Chiplet approach — For larger models (LEWM + SSM + LLM decoder), use chiplet integration. Each model gets its own hardwired die. Connect via UCIe or similar. Scale without the memory wall.
Apply to other JEPA variants — The approach is architecture-agnostic. Any frozen model with quantized weights can be hardwired. As larger JEPA world models emerge, the same pipeline applies — quantize, decompose to shift-add, generate RTL.

References

LeWM — "LeWorldModel: Stable End-to-End Joint-Embedding Predictive Architecture from Pixels." Lucas Maes, Quentin Le Lidec, Damien Scieur, Yann LeCun, Randall Balestriero. Mila, NYU, Samsung SAIL, Brown. https://le-wm.github.io/
Taalas HC1 — Model-on-silicon for Llama 3.1 8B. 16K tok/s, 20x cheaper than GPU. (Feb 2026)
Immutable Tensor Architecture (ITA) — "The Immutable Tensor Architecture: A Pure Dataflow Approach for Secure, Energy-Efficient AI Inference" by Fang Li. Shift-and-add for LLM weights on FPGA/ASIC. 50x energy improvement. (Nov 2025)
HNLPU — "Hardwired-Neuron Language Processing Units as General-Purpose Cognitive Substrates." Metal-Embedding methodology. 112x photomask cost reduction. (ASPLOS '26, Mar 2026)
hls4ml — ML to FPGA compilation framework. (CERN, ongoing)
FINN — Quantized neural network FPGA framework. (AMD/Xilinx)
LUTNet — FPGA-native neural networks via LUT tables. (2019)
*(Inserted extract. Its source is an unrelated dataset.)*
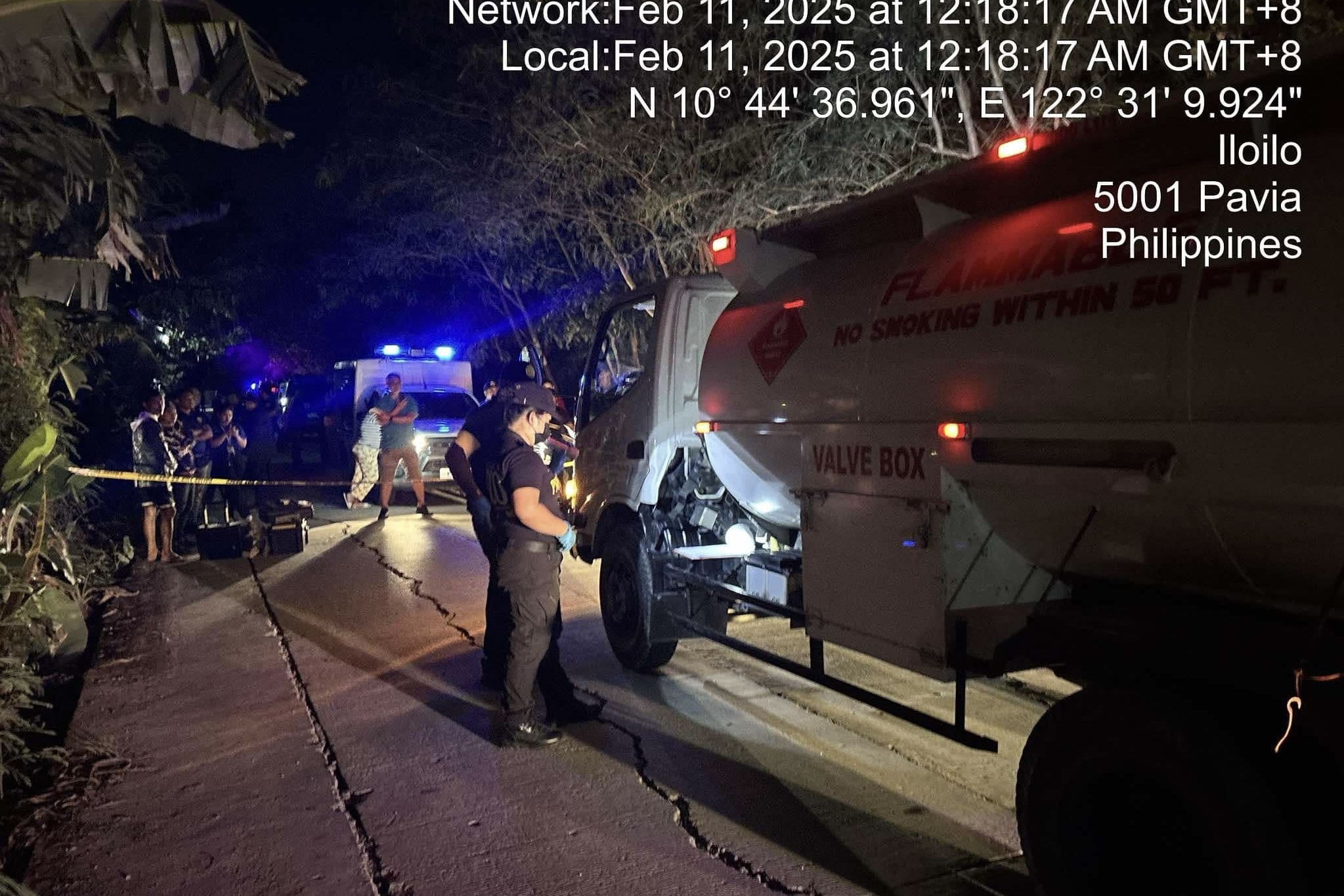 Image via Rommel Bebita/GMA Super Radyo Iloilo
Appendix: Shift-Add Operation Statistics

From the real LEWM PushT checkpoint (predictor layer 0):

Weight	Count	%	Ops (shift+add)
0	190,626	10.6%	0 (skip)
±1	206,011	11.5%	0 (wire)
±2	192,730	10.7%	1+0
±3	163,555	9.1%	1+1
±4	125,437	7.0%	1+0
±5	82,584	4.6%	1+1
±6	50,625	2.8%	2+1
±7	57,580	3.2%	1+1
-8	0	0%	1+0

Average: ~0.9 shifts + 0.5 adds per weight. With 10.6% zeros and 11.5% ±1 (free), effective hardware cost is very low.